Work order |
The expected result is an exact restatement of the data, free of pictures.

Crawled caption data |
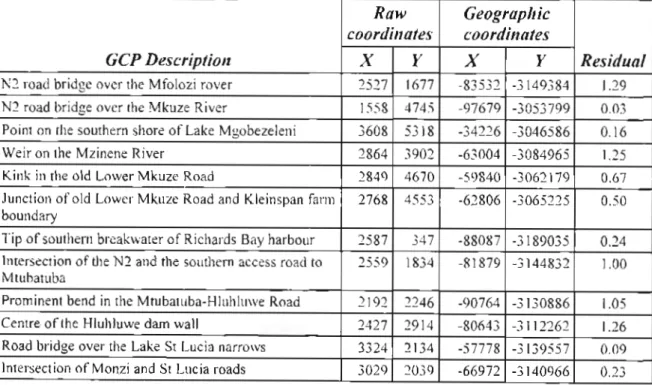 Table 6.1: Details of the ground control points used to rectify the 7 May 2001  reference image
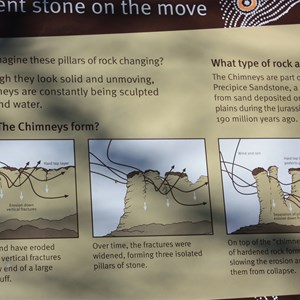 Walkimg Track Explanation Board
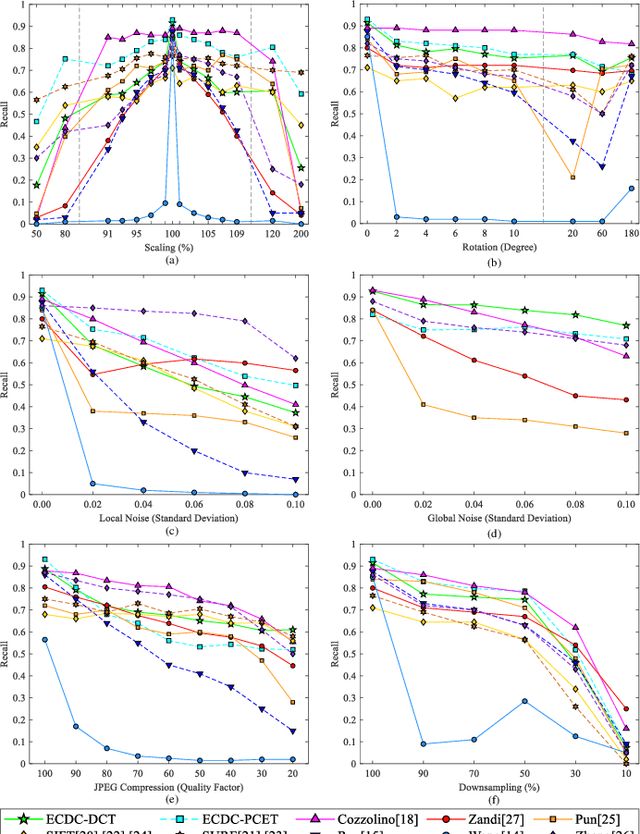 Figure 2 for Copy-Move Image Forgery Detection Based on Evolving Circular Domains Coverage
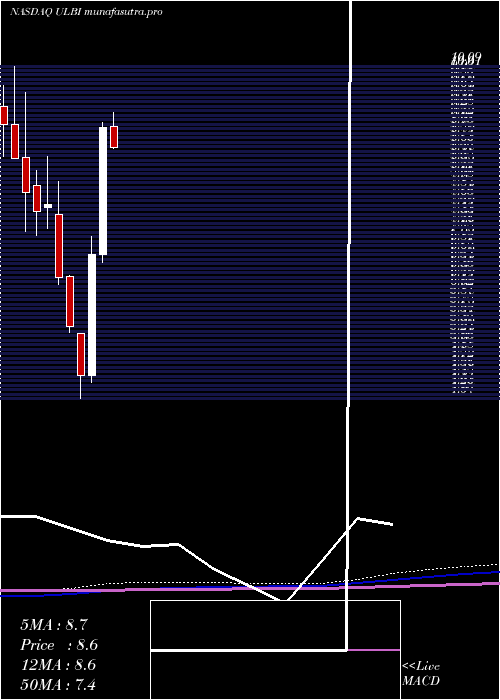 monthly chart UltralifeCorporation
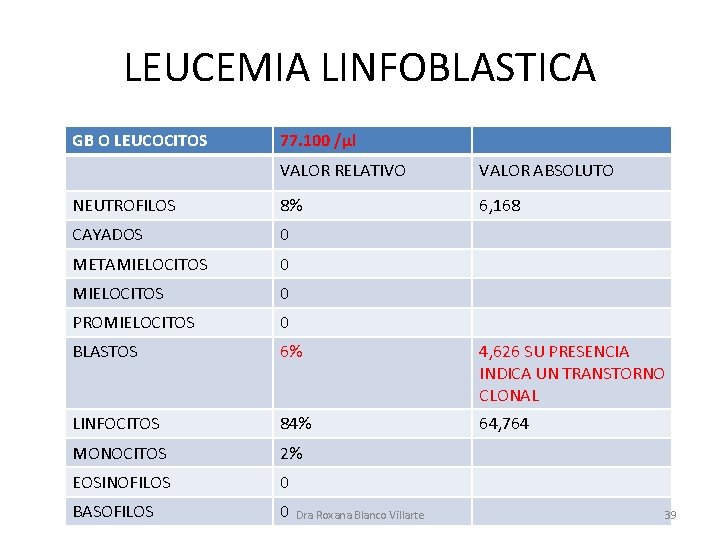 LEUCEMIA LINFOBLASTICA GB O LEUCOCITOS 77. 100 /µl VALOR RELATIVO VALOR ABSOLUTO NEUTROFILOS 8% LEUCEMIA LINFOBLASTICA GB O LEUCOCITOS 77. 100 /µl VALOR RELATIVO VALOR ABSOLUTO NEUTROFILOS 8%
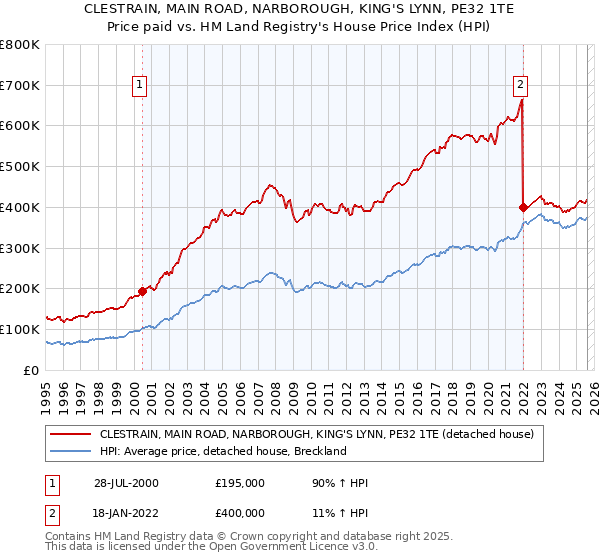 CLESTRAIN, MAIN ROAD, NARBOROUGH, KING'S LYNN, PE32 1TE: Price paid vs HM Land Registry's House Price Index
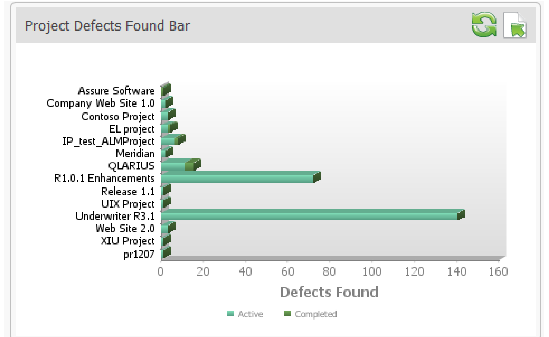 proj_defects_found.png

Answer box |
 Table 6.1: Details of the ground control points used to rectify the 7 May 2001  reference image
 Walkimg Track Explanation Board
 Figure 2 for Copy-Move Image Forgery Detection Based on Evolving Circular Domains Coverage
 monthly chart UltralifeCorporation
 LEUCEMIA LINFOBLASTICA GB O LEUCOCITOS 77. 100 /µl VALOR RELATIVO VALOR ABSOLUTO NEUTROFILOS 8% LEUCEMIA LINFOBLASTICA GB O LEUCOCITOS 77. 100 /µl VALOR RELATIVO VALOR ABSOLUTO NEUTROFILOS 8%
 CLESTRAIN, MAIN ROAD, NARBOROUGH, KING'S LYNN, PE32 1TE: Price paid vs HM Land Registry's House Price Index
 proj_defects_found.png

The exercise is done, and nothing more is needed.